Exercise: Exclude the pictures, then repeat the remaining data exactly.

#### Input data

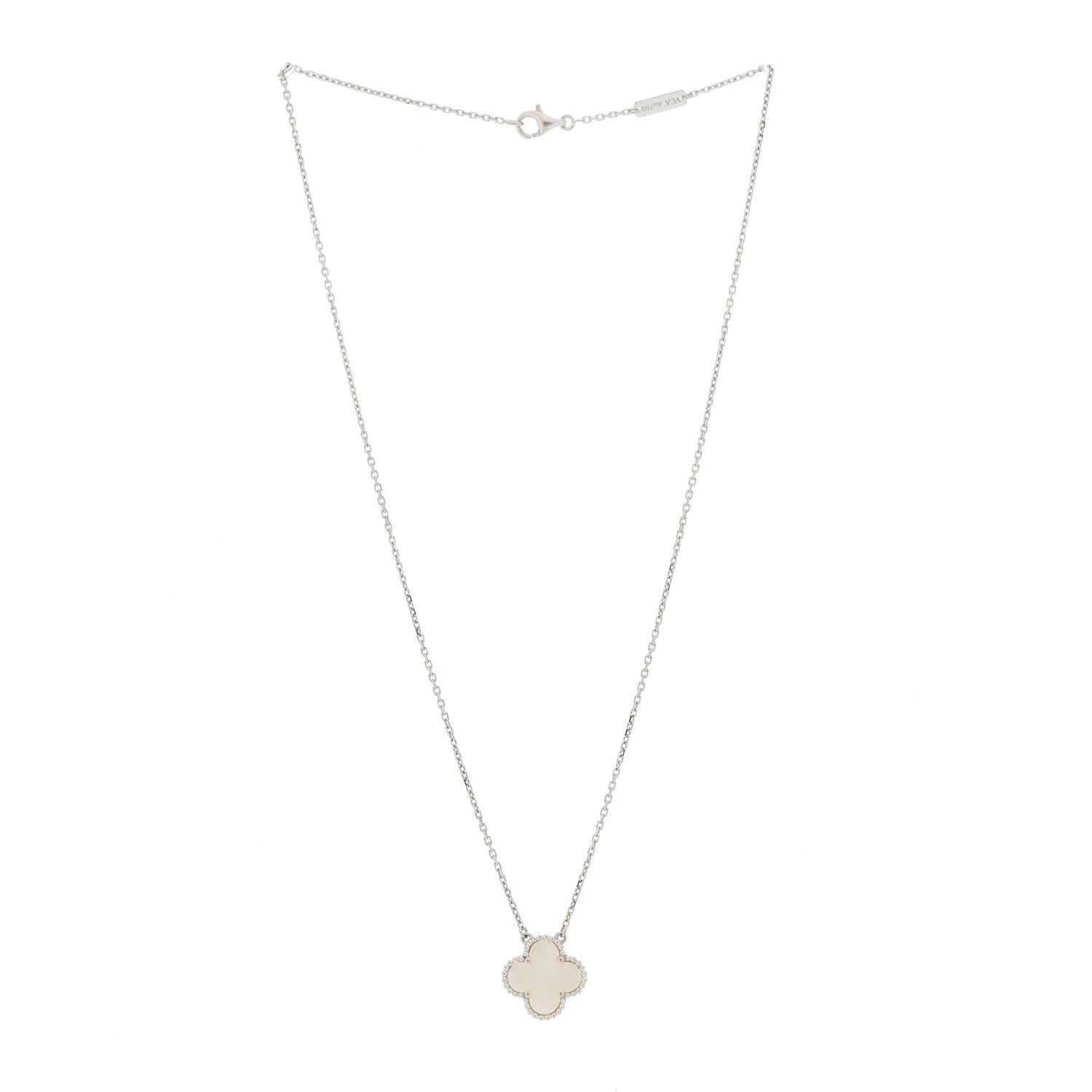 Van Cleef & Arpels 18K White Gold Mother of Pearl Vintage Alhambra Pendant Necklace 3 of 5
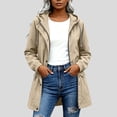 thumbnail image 2 of Women's Lightweight Hooded Raincoat Solid Color Mid Length Hooded Drawstring Waterproof Jacket With Snap Button And Zip Closure Elastic Cuffs And Back Cord Casual Outdoor Windbreaker, 2 of 9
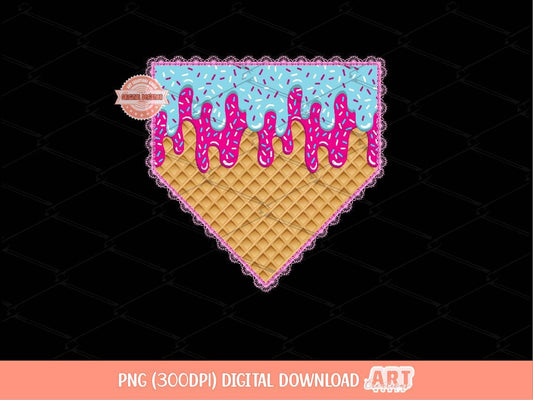 Lace Drip Home Plate PNG, Sweet Drippy Pink blue Ice Cream Waffle Baseball Diamond Clipart Png Sublimation dtf Shirt Design Digital Download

########

Response area:
 Van Cleef & Arpels 18K White Gold Mother of Pearl Vintage Alhambra Pendant Necklace 3 of 5
 thumbnail image 2 of Women's Lightweight Hooded Raincoat Solid Color Mid Length Hooded Drawstring Waterproof Jacket With Snap Button And Zip Closure Elastic Cuffs And Back Cord Casual Outdoor Windbreaker, 2 of 9
 Lace Drip Home Plate PNG, Sweet Drippy Pink blue Ice Cream Waffle Baseball Diamond Clipart Png Sublimation dtf Shirt Design Digital Download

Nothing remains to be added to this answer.